A tiny robotic pill that could deliver medicine to hard to reach areas inside the body is being developed by researchers in the UK.

The novel device, which measures just 30 x 11mm, comes equipped with a miniature video camera positioned at the tip, a remote controlled 'anchor' and a miniature repositionable syringe.

As the pill makes its way through the body and reaches a tumour, the anchor is deployed from its casing. A tiny needle stored inside the casing can then be positioned and injected near the tumour to deliver a 1ml dose of medication. The on-board camera relays all the necessary information back to the surgeon in real time.

The area the researchers want to target specifically is the small intestine, a place notoriously hard to reach. The team believes the on-board syringe could enable chemotherapy medicine to be targeted more precisely, reducing the number of invasive procedures needed to remove tumours in patients.

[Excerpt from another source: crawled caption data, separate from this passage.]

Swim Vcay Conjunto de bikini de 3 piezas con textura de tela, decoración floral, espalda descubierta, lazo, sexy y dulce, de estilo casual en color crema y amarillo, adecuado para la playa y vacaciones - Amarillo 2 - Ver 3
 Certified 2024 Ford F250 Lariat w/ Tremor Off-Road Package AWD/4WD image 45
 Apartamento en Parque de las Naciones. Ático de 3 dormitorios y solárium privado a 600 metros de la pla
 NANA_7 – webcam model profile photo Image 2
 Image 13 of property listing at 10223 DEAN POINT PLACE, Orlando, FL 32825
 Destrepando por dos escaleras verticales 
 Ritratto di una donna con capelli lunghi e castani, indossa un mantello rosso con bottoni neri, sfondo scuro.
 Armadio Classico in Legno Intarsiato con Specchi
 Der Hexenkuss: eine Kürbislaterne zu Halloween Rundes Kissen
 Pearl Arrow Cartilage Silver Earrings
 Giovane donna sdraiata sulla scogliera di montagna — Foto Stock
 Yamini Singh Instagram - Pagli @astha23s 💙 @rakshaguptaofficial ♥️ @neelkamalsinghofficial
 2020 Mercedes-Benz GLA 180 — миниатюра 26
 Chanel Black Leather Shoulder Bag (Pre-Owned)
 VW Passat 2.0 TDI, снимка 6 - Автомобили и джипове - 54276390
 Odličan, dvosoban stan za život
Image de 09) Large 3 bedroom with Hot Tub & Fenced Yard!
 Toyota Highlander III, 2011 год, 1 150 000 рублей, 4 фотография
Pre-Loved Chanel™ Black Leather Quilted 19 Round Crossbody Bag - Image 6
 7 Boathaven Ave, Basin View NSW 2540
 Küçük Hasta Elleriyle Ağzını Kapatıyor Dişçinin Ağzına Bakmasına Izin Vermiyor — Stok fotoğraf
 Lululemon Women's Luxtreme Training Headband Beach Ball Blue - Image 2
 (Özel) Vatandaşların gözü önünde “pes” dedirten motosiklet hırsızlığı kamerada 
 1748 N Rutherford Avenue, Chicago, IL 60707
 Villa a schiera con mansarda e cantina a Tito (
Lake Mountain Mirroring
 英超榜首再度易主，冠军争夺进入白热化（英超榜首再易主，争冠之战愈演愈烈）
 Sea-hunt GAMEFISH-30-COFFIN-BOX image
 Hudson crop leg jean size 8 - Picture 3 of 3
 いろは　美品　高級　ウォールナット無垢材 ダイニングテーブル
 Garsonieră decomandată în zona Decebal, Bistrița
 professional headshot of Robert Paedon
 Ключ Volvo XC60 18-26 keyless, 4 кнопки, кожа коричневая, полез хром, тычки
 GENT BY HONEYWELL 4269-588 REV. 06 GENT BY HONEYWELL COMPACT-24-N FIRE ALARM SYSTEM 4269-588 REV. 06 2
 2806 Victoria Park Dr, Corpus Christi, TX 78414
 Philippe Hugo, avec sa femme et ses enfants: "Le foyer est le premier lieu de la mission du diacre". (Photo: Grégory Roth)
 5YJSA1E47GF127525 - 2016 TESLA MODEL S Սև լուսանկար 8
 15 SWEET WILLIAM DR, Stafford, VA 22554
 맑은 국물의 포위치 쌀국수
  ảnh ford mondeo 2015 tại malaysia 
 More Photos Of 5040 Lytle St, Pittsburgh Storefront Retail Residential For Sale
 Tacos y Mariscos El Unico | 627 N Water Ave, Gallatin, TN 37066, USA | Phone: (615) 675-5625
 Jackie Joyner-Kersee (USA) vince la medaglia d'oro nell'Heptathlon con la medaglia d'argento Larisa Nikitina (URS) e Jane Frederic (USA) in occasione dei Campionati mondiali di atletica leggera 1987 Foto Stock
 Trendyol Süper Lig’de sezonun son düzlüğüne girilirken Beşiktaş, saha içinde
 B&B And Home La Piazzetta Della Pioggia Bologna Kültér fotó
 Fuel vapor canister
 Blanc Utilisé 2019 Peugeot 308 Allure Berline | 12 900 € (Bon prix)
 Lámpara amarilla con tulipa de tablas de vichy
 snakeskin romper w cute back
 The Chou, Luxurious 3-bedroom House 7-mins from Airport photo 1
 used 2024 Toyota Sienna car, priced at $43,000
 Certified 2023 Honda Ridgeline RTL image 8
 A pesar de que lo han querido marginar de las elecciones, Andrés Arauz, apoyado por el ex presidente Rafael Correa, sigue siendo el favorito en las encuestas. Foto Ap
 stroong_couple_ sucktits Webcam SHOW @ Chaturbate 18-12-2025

While hospitals across the UK currently use robotic pill technology as a diagnostic tool, the Imperial researchers claim their pill is the only one that can deliver treatments as well.

Dr Tim Constandinou, from the Winston Wong Centre for Bio Inspired Technology and the Department of Electrical and Electronic Engineering at Imperial, said: "We are developing a robotic pill that has the potential to deliver treatments directly to tumours or ulcers in the small intestine.

"We are still a long way off from delivering this technology to the hospital bedside, but we hope it could one day improve outcomes for patients undergoing treatments."

The team is hoping to have a working prototype ready within six months. The device will then be tested over a two year period in animal models to gauge its effectiveness, which could lead to clinical trials.